Friday, September 30, 2005

LIGHTNING WITHOUT THUNDER

Lightning without thunder has its own special grace. Flashing across the sky, in subtle streaks or golden brush strokes, but absent the onslaught of echoes and bowling-pin strikes -- in this manner, with those shimmering, almost elegaic tints, even lightning can seem benign.

(Especially while running by the river shortly after five, watching the light poke and prod at the fading black night, feeling the faint but steady patter of rain on one's head, shirt, shorts.)

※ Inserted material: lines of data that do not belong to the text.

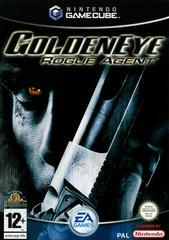 GoldenEye Rogue Agent - PAL Gamecube | Anubis Games and Hobby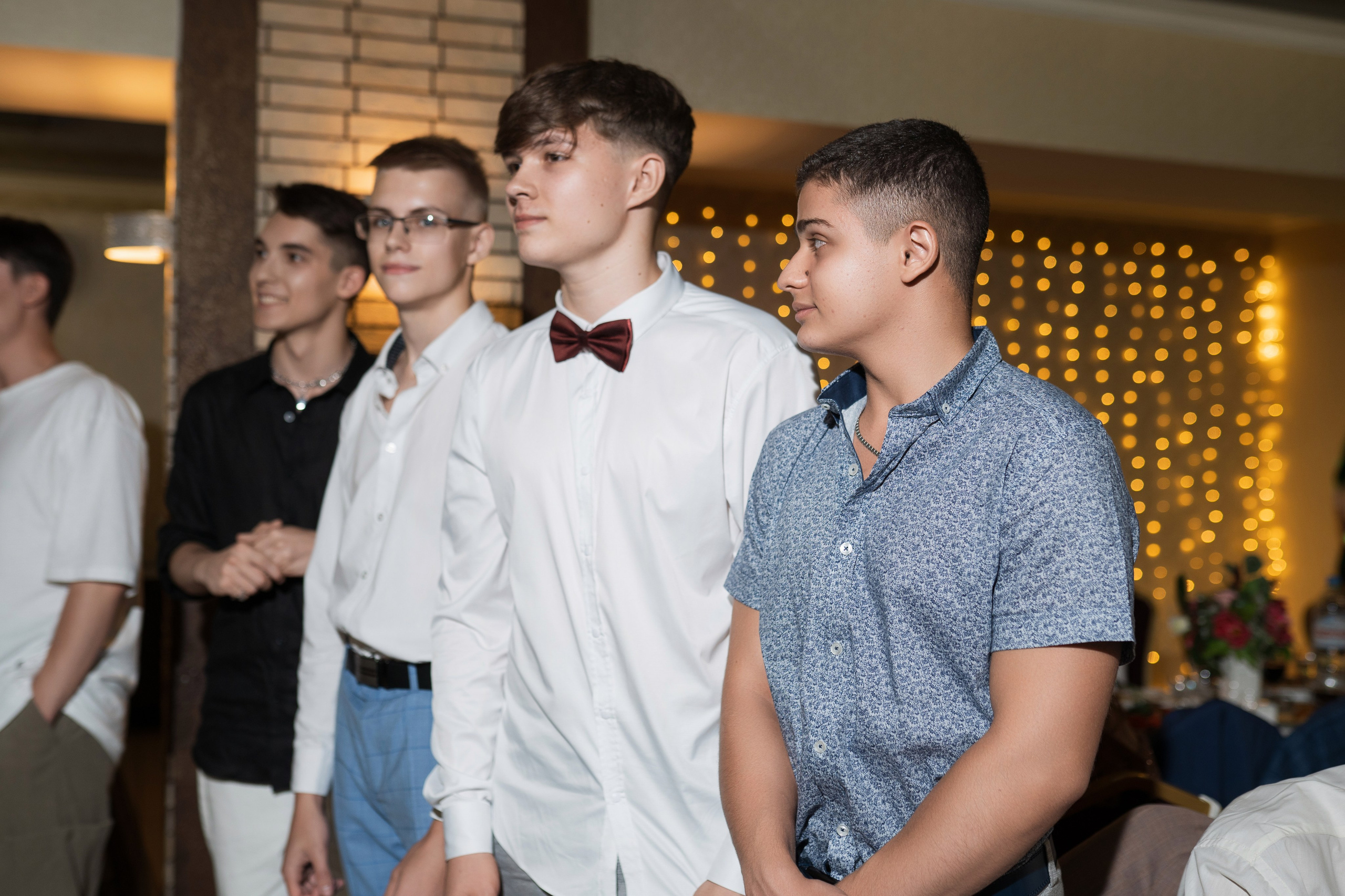 Банкетный комплекс Времена года. Виктория Кинкладзе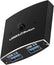 2 in 1 Out Bi-Directional USB 3.0 KVM HUB Switcher PC Accessories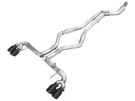 AWE Exhaust Suite for G42 BMW M240i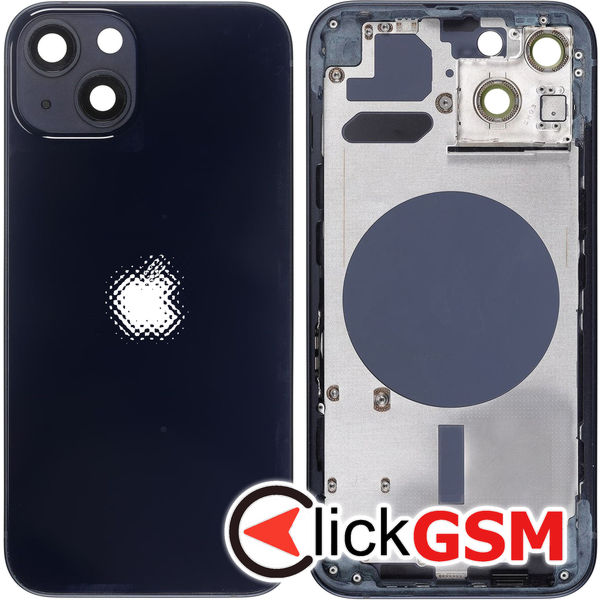 Piesa Piesa Carcasa Cu Capac Spate Apple Iphone 13 3zvc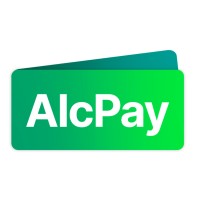 AlcPay logo - Similar company to Fulton&Co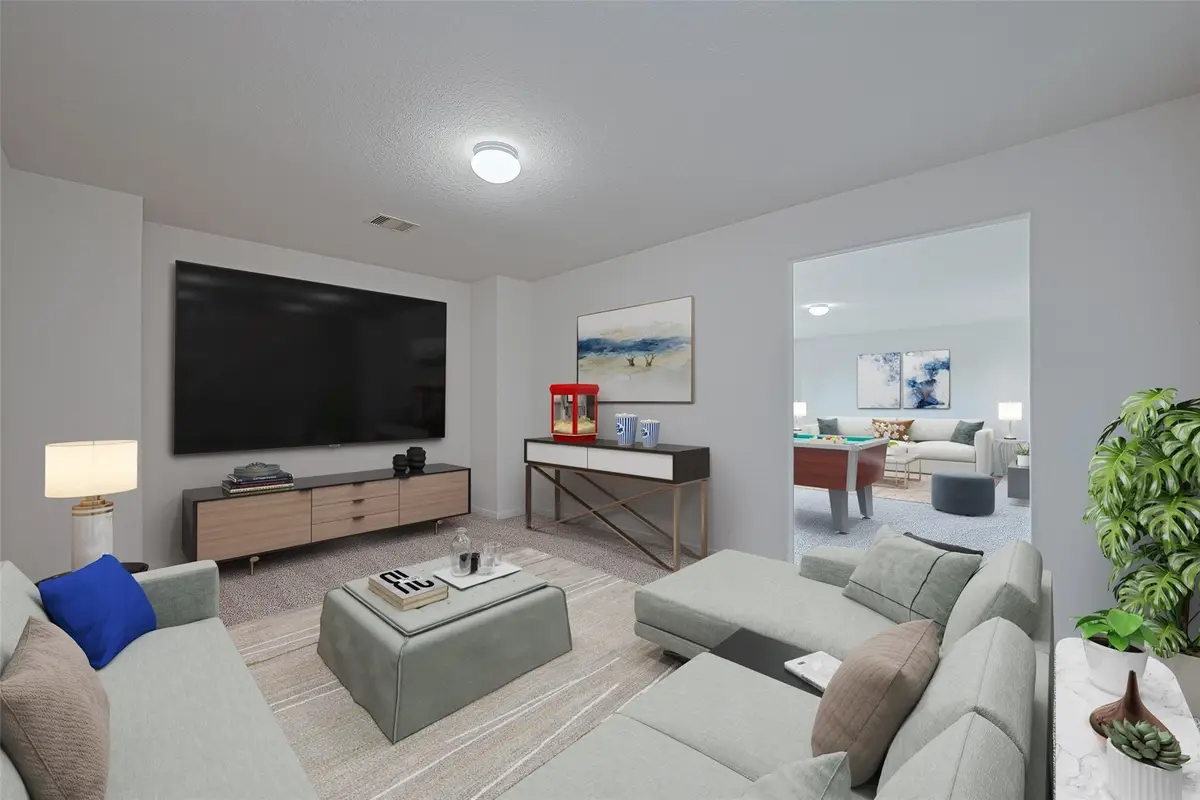 9514 Barr Spring Drive, Humble, TX 77396 - Image #1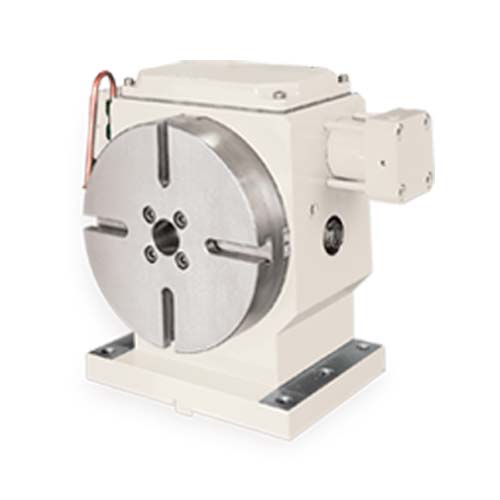 RCT hydraulic coupling gear index table RCT hydraulic coupling gear index table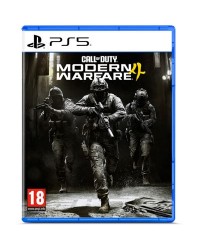 Call Of Duty: Modern Warfare - PS5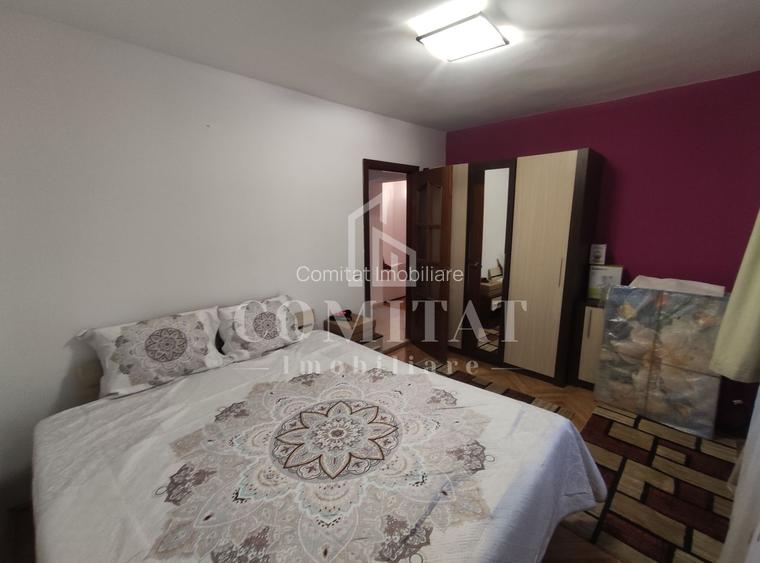 Apartament cu 2 camere decomandate | Gheorgheni - Zona Iulius Mall - 3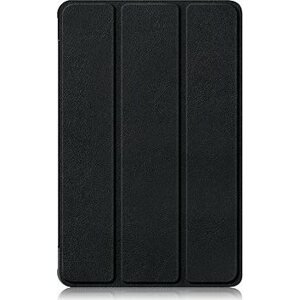 AlzaGuard Protective Flip Cover pre HONOR Pad 8 čierny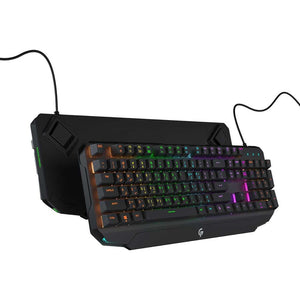 PORODO GAMING MECHANICAL GAMING KEYBOARD ULTRA PDX217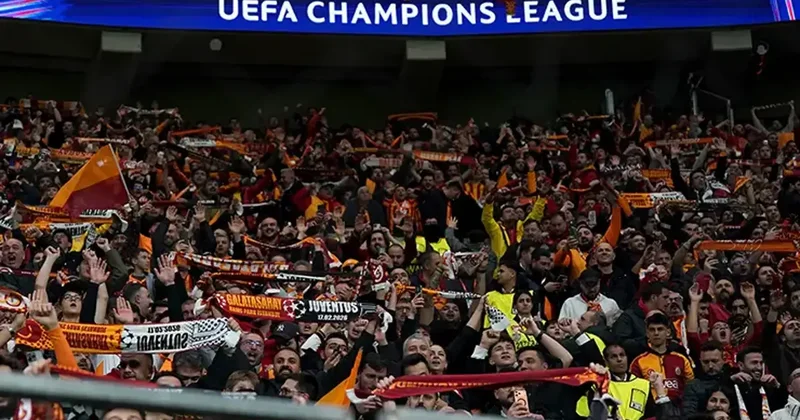 UEFA dan Galatasaray a büyük şok! Liverpool maçında taraftar yok Fanatik Gazetesi Galatasaray (GS) Haberleri Spor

At such times, this land seems peaceful, almost serene. But then I read the paper, and I see that Cambodia has a received a ranking by the World Economic Forum that places it near the bottom rank of competitive nations, 112 out of 117, ahead of only Benin, Paraguay, Guyana and Kyrgyzstan in terms of risky places to invest money, and I see, in local news, that a teen accused of robbery was hacked to death with a machete by an angry mob, that a drunken man was arrested at the temple for scaring worshippers with a fuck-you sword, that two men have been arrested for furthering the illegal-monkey trade that is (apparently) rampant in this country, and, to top it all off, I learn that a 'Khmer Rouge-style' restaurant has opened opposite the Tuol Sleng torture museum, where diners can dine on rice gruel identical to that served in the Pol Pot regime, where the waitresses wonder why they've had only two foreign customers in two weeks.

I read that, all of that, and I wonder if it's true, if Cambodia is nothing more than 'an insane asylum with beer', as an expat friend of mine once creatively dubbed it.

I wonder.

It's something to think about, though. How wounded and strange and tilted this land can be. How full of human dimensions -- squared, cubed, sideways and skewed. This whole country is like lightning without thunder, I've come to think -- flashes of electric madness and despair in ragged streaks, but absent of any lasting echoes. Everything distant, nothing audible.

What am I doing here? I wonder. More importantly, what are they doing here, all of them, the people of Cambodia? Where will I go and where will they go?

Things to think about at other times, on other runs, as I watch the light do its relaxed but kinetic dance across the darkened sky.